Since the deal was announced July 14, the vice president and the president have personally talked with lawmakers, and Cabinet officials have been on the Hill this week briefing members of Congress and testifying. It has been an informational, geostrategic sales pitch – not one about sealing the president’s legacy. 

On Thursday, the president met with about a dozen House Democrats in the White House situation room. He said there was no better deal to be had and told them they needed to be “the wall” against the deal’s opponents, according to Politico. He urged them to declare their support now, to avoid heavy lobbying from pro-Israel groups trying to kill the deal.

Anti-deal ads are already running on television. The American Israel Public Affairs Committee, the powerful pro-Israel lobbying group, will be on the Hill next week, and plans to follow lawmakers to their districts during the August recess.
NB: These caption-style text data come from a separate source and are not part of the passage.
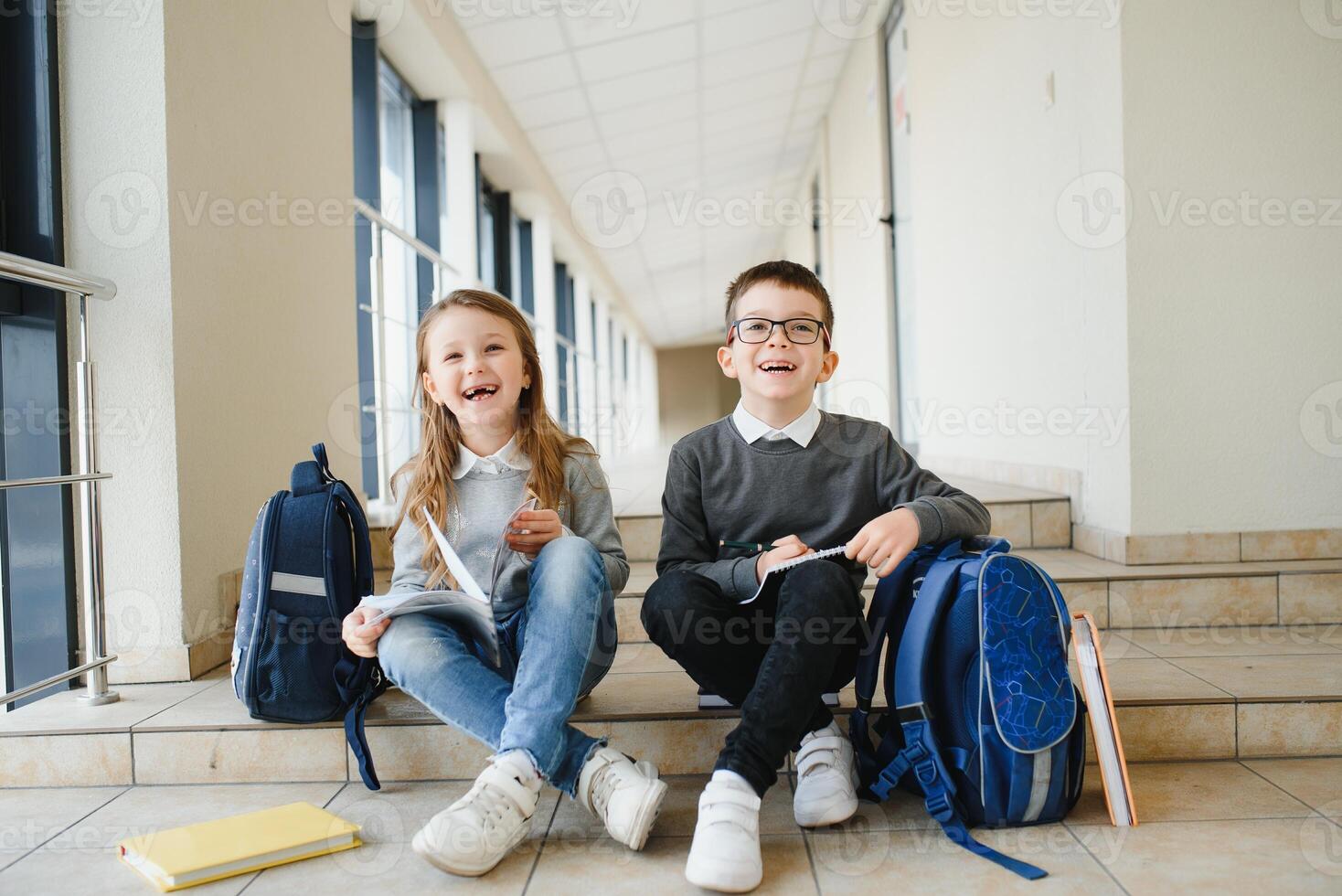School kids in uniform together in corridor. Conception of education. photo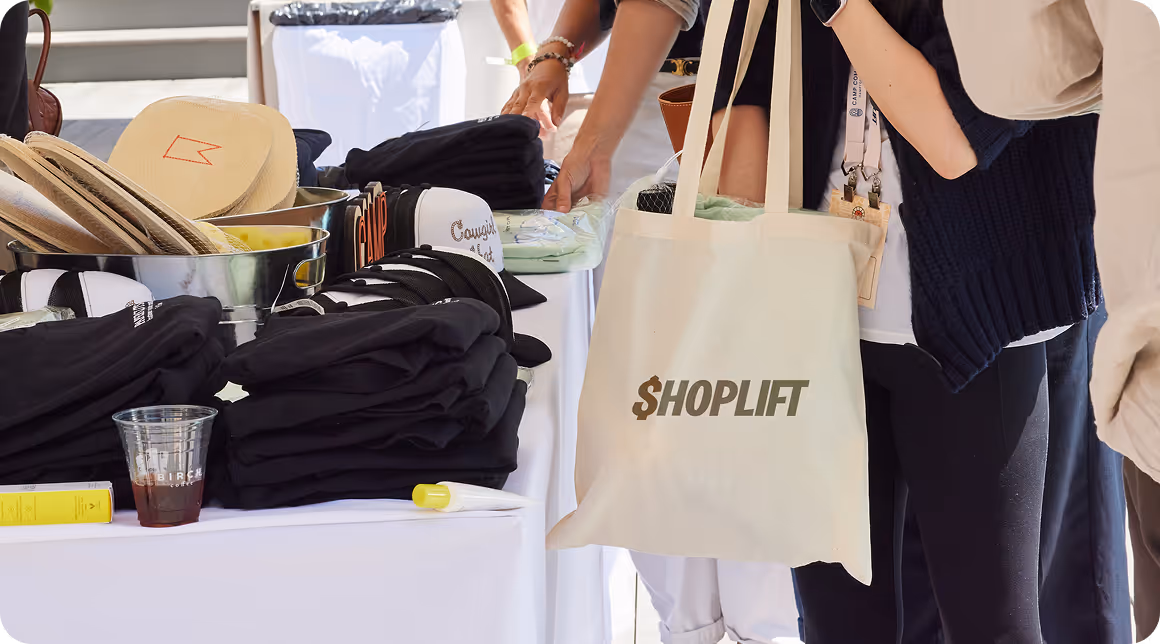People browsing and picking up merchandise at an outdoor event table with a tote bag labeled SHOPLIFT.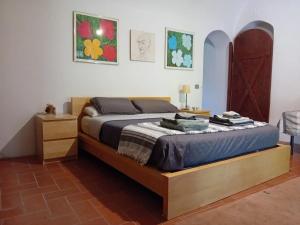 a bedroom with a bed with a wooden frame at Suite Monamea in Pian di Scò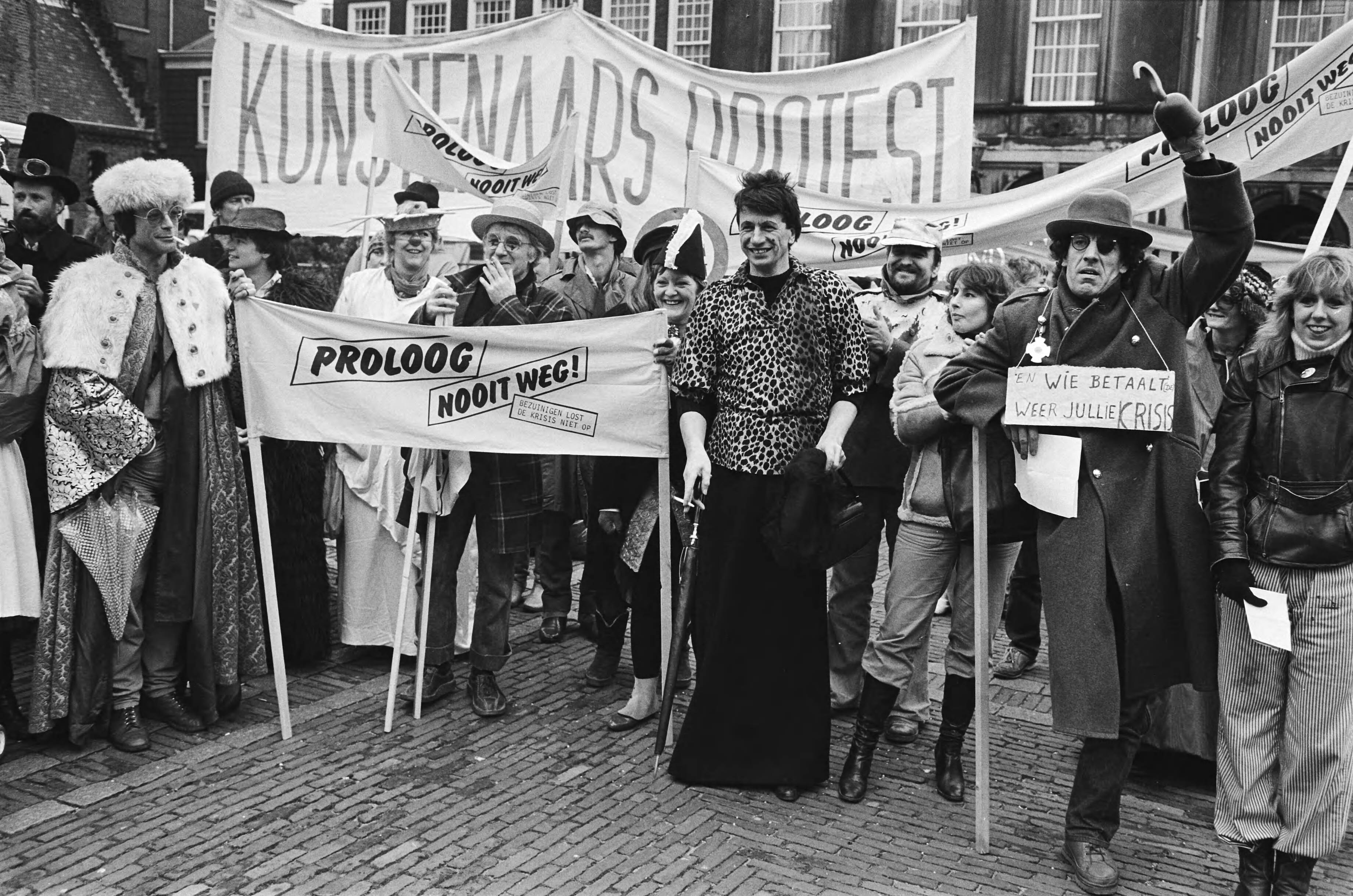 Demonstratie van kunstenaars op het Binnenhof, met Proloog en de Nieuwe Komedie — Proloog|Den Haag|Zuid-Holland|demonstraties |artiesten |spandoeken |kostuums|Binnenhof |Nieuwe Komedie — Foto: Antonisse, Marcel / Anefo. Licentie: Set B: Rechtenvrij / Publiek Domein. Bron: Nationaal Archief. http://hdl.handle.net/10648/ad220d16-d0b4-102d-bcf8-003048976d84
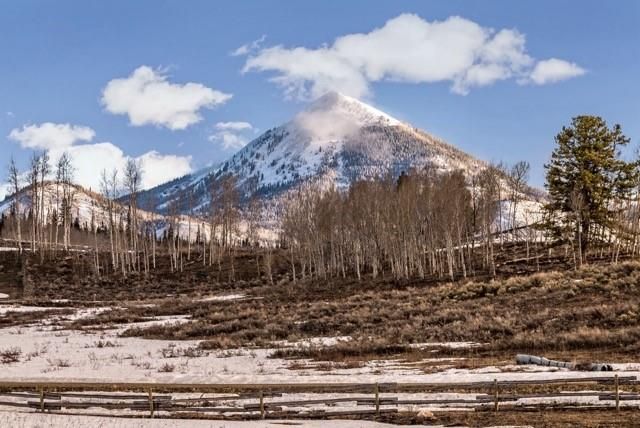 The image showcases a scenic mountain landscape, presumably featuring the front view of a property situated amidst nature. The snow-capped mountain dominates the background, while a mix of trees and open terrain with patches of snow are visible in the foreground. A rustic wooden fence adds a touch of rural charm to the overall view, hinting at a secluded or countryside property.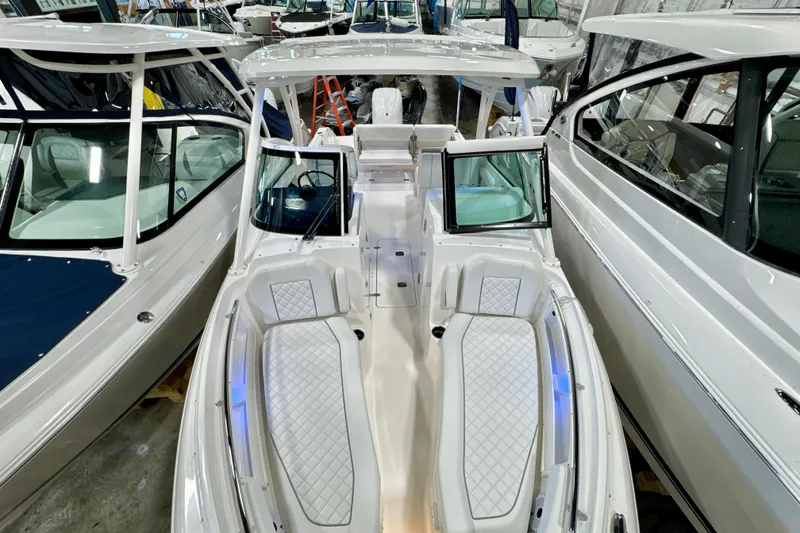 Slide: The Image of 2024 Pursuit DC 246 Dual Console boat in showroom, featuring spacious seating and modern design. - 24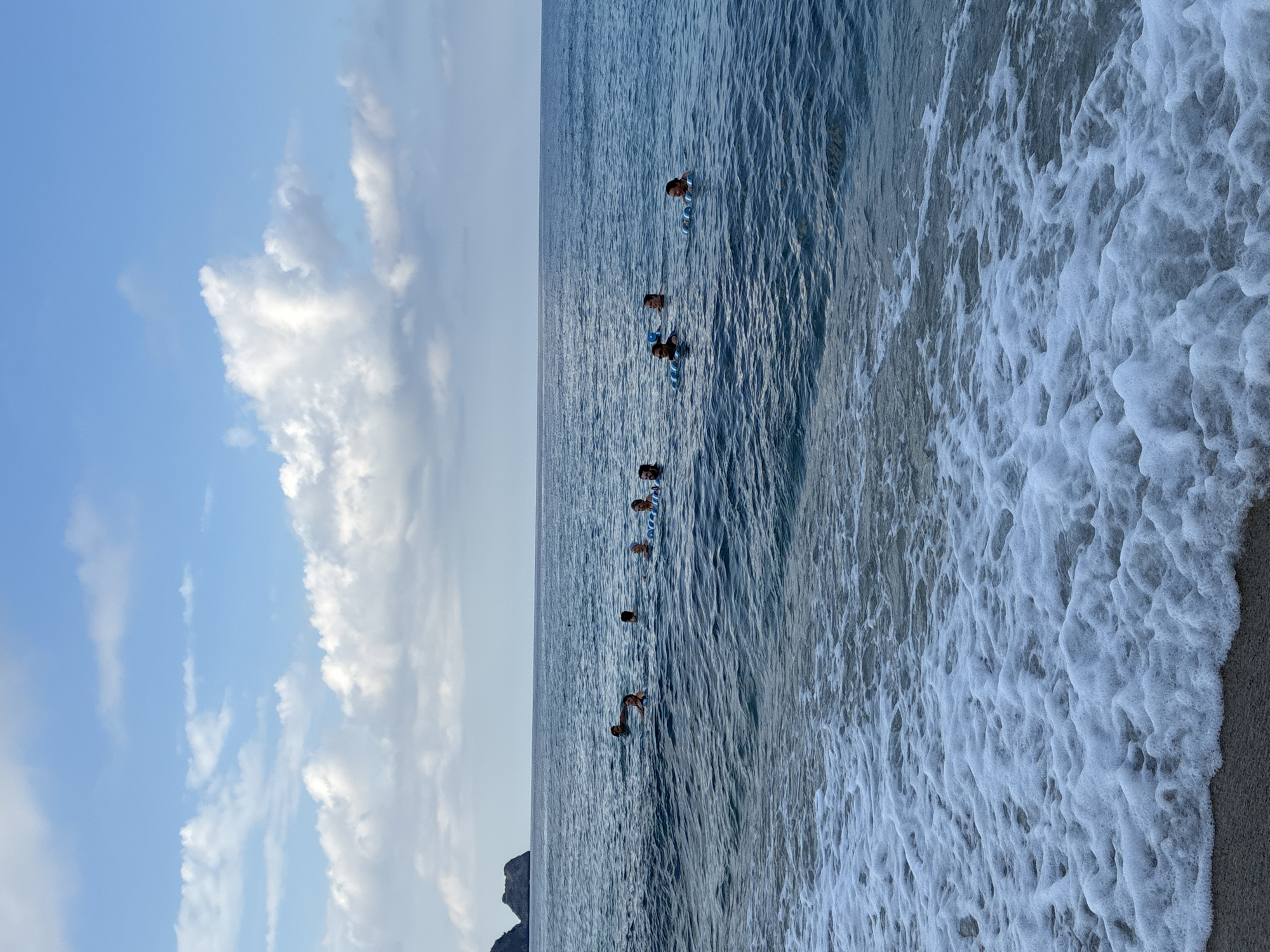 A group of approximately eight people are swimming in the sea with flotation devices. The water is a deep blue with moderate waves. The sky is blue with scattered white clouds. In the distance, a rocky island is visible on the left. The scene appears to be a beach or coastal area. The overall setting is a natural environment, likely the Mediterranean Sea. The presence of flotation devices suggests a recreational activity or training.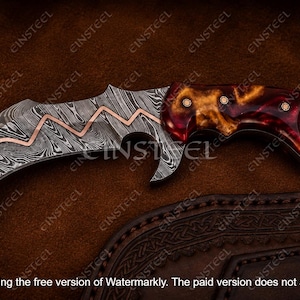 Pu&ograve; includere: Un coltello karambit curvo con lama in acciaio Damasco e un intarsio in rame a zigzag. Il manico &egrave; realizzato in resina lucida rossa e ambra con tre rivetti metallici. Un anello per il dito &egrave; integrato nell'estremit&agrave; del pomolo.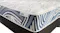 Close‑up of the Dream Medium mattress corner showing the white quilted sleep surface and blue patterned side panel Close‑up of the Dream Medium mattress corner showing the white quilted sleep surface and blue patterned side panel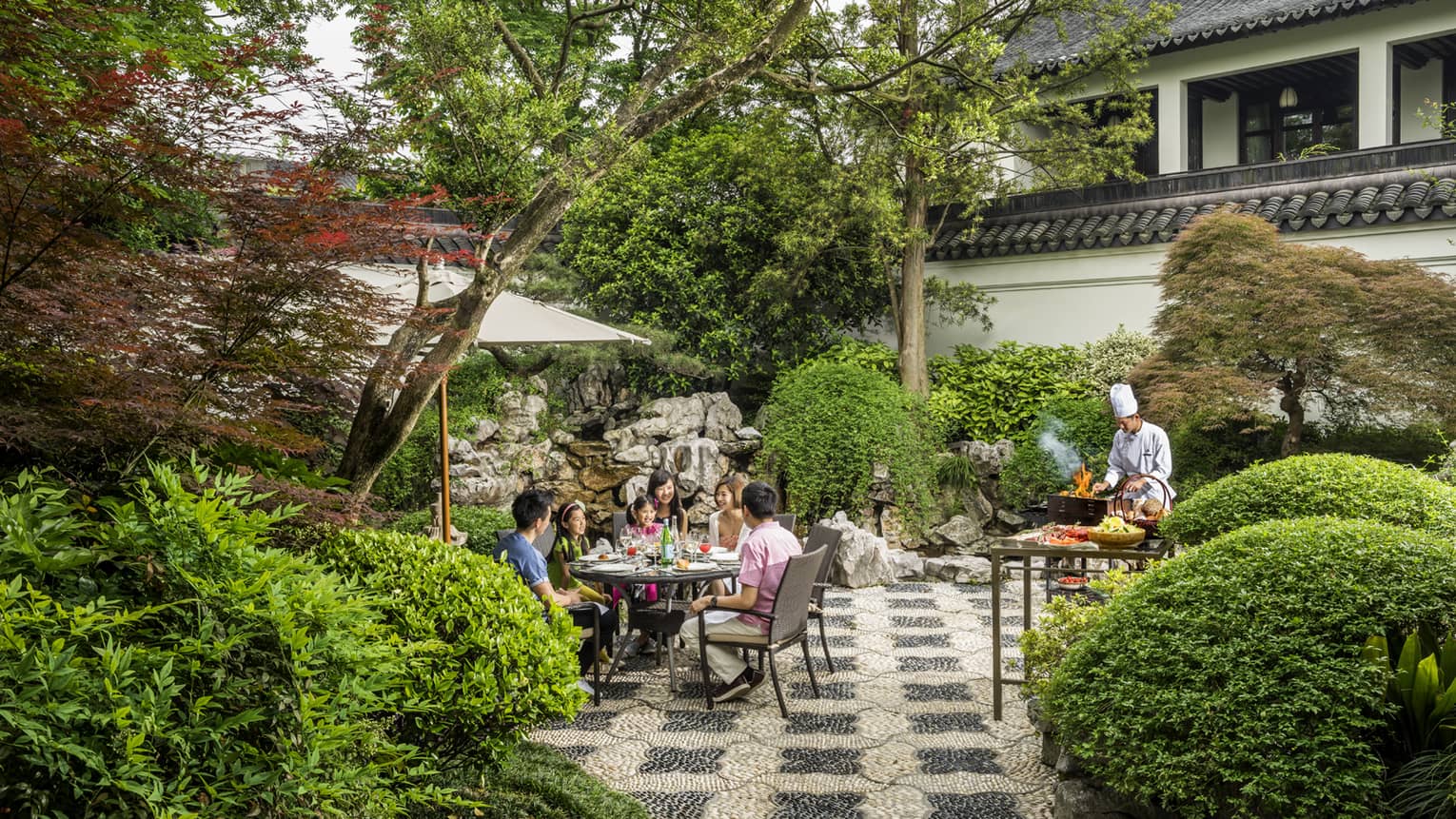 Family dines at round patio table by chef at barbecue in garden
It hopes to generate the same kind of grassroots opposition that Obama faced with health-care reform during the summer recess of 2009, the Wall Street Journal reports.

This is a high-stakes vote for lawmakers, which is the way it often is with “conscience votes.” Senate historian Betty Koed recalls the late Sen. Mark Hatfield (R) of Oregon, who in 1995 was the only Republican to vote against a balanced-budget amendment to the Constitution – causing it to fall one vote short in the Senate. 

Of course, lawmakers have to juggle competing interests all the time, says Jim Manley, former spokesman for Sen. Harry Reid (D) of Nevada, when Senator Reid was majority leader. What sets this vote apart is its strategic import, he says.

“This is a vote that transcends party and has huge geopolitical ramifications,” says Mr. Manley. “It would be really tough to whip it.”

In fact, he says, too much pressure from the White House could actually backfire.